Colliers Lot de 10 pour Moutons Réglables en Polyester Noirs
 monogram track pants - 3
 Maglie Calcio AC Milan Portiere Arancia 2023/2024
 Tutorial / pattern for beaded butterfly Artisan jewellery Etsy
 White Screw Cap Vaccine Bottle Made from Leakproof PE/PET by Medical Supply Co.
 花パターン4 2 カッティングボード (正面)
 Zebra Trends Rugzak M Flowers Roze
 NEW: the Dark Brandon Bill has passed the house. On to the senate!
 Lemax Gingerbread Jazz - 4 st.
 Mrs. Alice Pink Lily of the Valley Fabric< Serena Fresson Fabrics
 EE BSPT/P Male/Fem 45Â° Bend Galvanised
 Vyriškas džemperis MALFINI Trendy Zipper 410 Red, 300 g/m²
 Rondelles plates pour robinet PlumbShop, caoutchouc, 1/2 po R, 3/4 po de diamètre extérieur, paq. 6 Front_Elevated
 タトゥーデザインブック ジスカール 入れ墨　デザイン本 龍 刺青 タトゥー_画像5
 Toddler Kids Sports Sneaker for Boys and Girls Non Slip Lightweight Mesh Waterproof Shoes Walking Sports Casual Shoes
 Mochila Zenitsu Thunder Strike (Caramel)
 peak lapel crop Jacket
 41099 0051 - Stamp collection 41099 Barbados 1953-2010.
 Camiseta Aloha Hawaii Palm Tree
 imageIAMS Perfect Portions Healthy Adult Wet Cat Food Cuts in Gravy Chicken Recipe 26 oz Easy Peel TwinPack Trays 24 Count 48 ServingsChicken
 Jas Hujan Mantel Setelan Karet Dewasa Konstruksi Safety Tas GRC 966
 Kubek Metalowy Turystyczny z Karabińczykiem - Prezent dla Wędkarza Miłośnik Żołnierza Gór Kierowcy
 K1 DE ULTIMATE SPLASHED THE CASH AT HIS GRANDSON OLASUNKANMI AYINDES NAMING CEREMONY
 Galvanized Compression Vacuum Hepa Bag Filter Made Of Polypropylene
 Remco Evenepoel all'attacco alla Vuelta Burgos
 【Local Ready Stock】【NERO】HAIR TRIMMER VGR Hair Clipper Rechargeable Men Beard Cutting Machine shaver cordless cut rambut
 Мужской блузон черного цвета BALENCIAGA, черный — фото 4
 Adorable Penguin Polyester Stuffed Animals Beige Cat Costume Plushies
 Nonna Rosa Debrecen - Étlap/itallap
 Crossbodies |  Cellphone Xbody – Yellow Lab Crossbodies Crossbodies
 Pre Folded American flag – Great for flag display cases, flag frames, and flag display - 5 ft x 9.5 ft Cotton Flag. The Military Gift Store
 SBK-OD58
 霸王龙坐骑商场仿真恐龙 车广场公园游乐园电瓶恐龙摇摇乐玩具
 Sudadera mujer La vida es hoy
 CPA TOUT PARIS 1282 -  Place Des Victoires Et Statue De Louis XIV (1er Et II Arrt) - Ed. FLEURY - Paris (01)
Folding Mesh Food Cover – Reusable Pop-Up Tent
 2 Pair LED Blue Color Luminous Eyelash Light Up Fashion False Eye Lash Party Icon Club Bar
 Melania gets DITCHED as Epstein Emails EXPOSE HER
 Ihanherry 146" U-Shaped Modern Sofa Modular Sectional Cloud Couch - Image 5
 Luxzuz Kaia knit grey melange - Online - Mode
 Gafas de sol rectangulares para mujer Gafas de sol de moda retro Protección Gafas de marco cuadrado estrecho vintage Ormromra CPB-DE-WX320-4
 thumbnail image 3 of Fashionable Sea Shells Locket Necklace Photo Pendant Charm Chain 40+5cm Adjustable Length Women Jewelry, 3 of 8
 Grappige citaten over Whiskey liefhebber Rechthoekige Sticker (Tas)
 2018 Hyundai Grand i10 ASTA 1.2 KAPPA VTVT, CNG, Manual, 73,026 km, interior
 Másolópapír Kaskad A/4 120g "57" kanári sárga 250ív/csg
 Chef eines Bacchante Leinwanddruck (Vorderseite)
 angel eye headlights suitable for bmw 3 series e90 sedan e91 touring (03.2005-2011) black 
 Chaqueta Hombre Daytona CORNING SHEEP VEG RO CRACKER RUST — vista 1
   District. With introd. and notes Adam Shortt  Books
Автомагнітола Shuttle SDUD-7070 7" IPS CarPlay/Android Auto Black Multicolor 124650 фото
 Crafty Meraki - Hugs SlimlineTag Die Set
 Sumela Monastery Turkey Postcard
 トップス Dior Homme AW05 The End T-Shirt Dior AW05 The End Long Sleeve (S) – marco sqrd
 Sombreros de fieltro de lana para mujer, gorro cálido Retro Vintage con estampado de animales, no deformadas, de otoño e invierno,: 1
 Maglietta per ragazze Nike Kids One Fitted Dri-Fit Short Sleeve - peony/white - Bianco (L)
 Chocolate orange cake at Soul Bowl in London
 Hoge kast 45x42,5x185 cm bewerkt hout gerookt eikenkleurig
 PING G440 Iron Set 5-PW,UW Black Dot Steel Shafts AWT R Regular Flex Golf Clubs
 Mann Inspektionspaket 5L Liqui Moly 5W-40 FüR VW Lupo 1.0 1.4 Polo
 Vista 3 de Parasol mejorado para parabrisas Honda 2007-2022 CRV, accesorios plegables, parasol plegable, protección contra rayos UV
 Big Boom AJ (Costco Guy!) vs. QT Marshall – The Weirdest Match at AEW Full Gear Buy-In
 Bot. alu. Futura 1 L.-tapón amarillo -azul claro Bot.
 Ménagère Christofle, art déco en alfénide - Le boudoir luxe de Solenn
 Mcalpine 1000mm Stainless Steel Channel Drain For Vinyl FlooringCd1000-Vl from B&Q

**What you should do:** Look above for the line holding "EE BSPT/P Male/Fem 45Â° Bend Galvanised", then set down exactly that line and every line after it up to and including the line holding "Remco Evenepoel all'attacco", with nothing else.

**Response to this task:**
 EE BSPT/P Male/Fem 45Â° Bend Galvanised
 Vyriškas džemperis MALFINI Trendy Zipper 410 Red, 300 g/m²
 Rondelles plates pour robinet PlumbShop, caoutchouc, 1/2 po R, 3/4 po de diamètre extérieur, paq. 6 Front_Elevated
 タトゥーデザインブック ジスカール 入れ墨　デザイン本 龍 刺青 タトゥー_画像5
 Toddler Kids Sports Sneaker for Boys and Girls Non Slip Lightweight Mesh Waterproof Shoes Walking Sports Casual Shoes
 Mochila Zenitsu Thunder Strike (Caramel)
 peak lapel crop Jacket
 41099 0051 - Stamp collection 41099 Barbados 1953-2010.
 Camiseta Aloha Hawaii Palm Tree
 imageIAMS Perfect Portions Healthy Adult Wet Cat Food Cuts in Gravy Chicken Recipe 26 oz Easy Peel TwinPack Trays 24 Count 48 ServingsChicken
 Jas Hujan Mantel Setelan Karet Dewasa Konstruksi Safety Tas GRC 966
 Kubek Metalowy Turystyczny z Karabińczykiem - Prezent dla Wędkarza Miłośnik Żołnierza Gór Kierowcy
 K1 DE ULTIMATE SPLASHED THE CASH AT HIS GRANDSON OLASUNKANMI AYINDES NAMING CEREMONY
 Galvanized Compression Vacuum Hepa Bag Filter Made Of Polypropylene
 Remco Evenepoel all'attacco alla Vuelta Burgos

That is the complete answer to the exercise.